*** Data records Section Begins ***

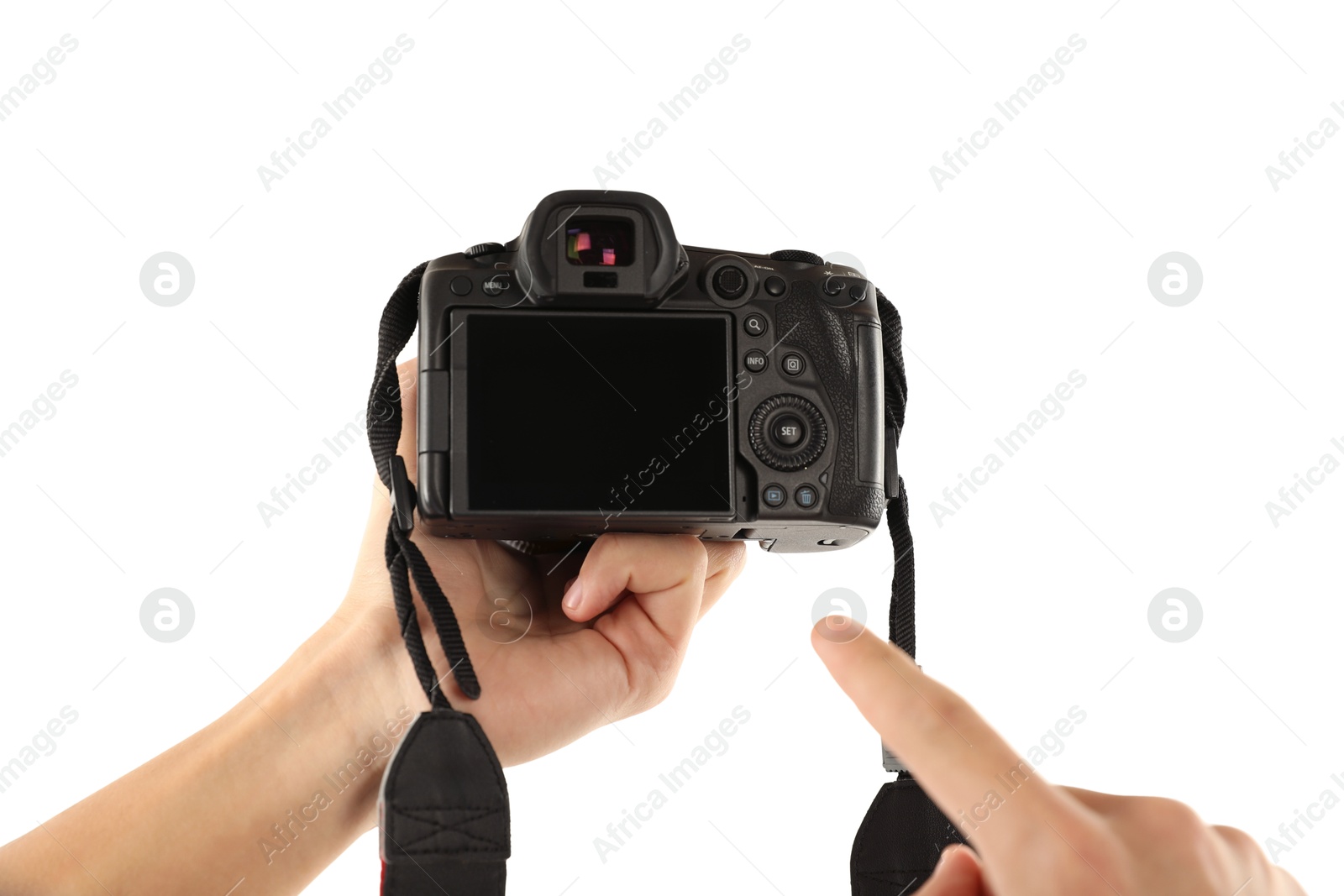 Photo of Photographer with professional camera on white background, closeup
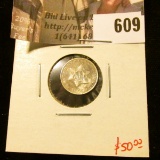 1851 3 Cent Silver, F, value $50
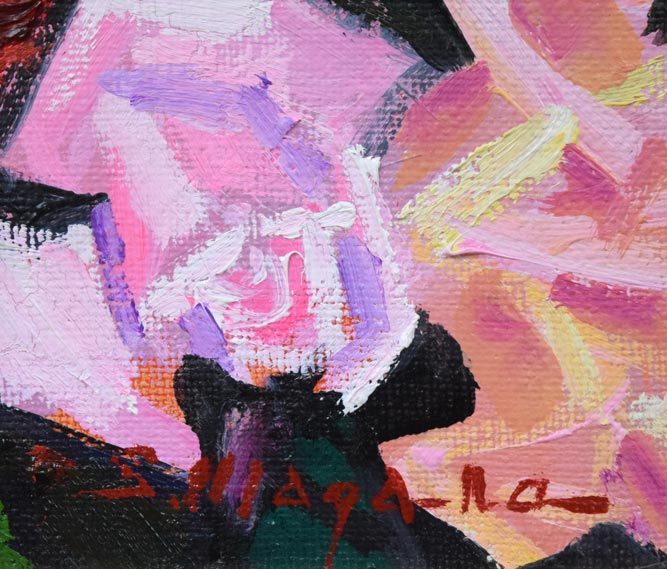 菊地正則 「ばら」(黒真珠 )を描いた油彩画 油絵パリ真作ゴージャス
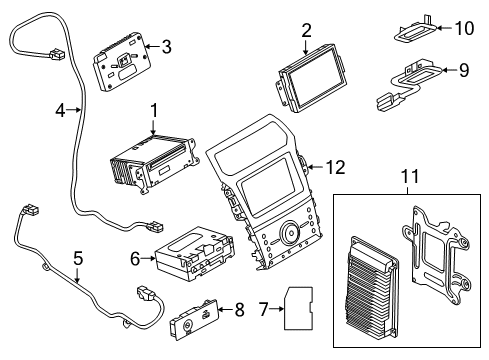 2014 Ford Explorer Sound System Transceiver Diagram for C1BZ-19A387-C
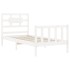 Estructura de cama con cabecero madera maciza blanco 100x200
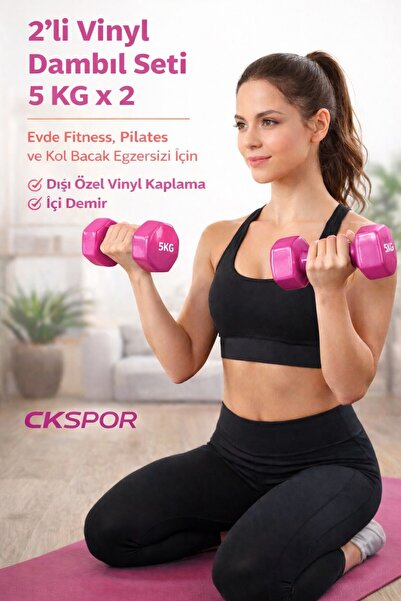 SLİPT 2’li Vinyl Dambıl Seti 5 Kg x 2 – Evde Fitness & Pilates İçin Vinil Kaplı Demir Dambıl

*** Data records Section Ends ***

**Exercise instructions**
No pictures should appear in the copy. Reproduce exactly the lines from the line containing "Estructura de cama" through the last line of the data, inclusive.

**Answer area**
 Estructura de cama con cabecero madera maciza blanco 100x200
 SLİPT 2’li Vinyl Dambıl Seti 5 Kg x 2 – Evde Fitness & Pilates İçin Vinil Kaplı Demir Dambıl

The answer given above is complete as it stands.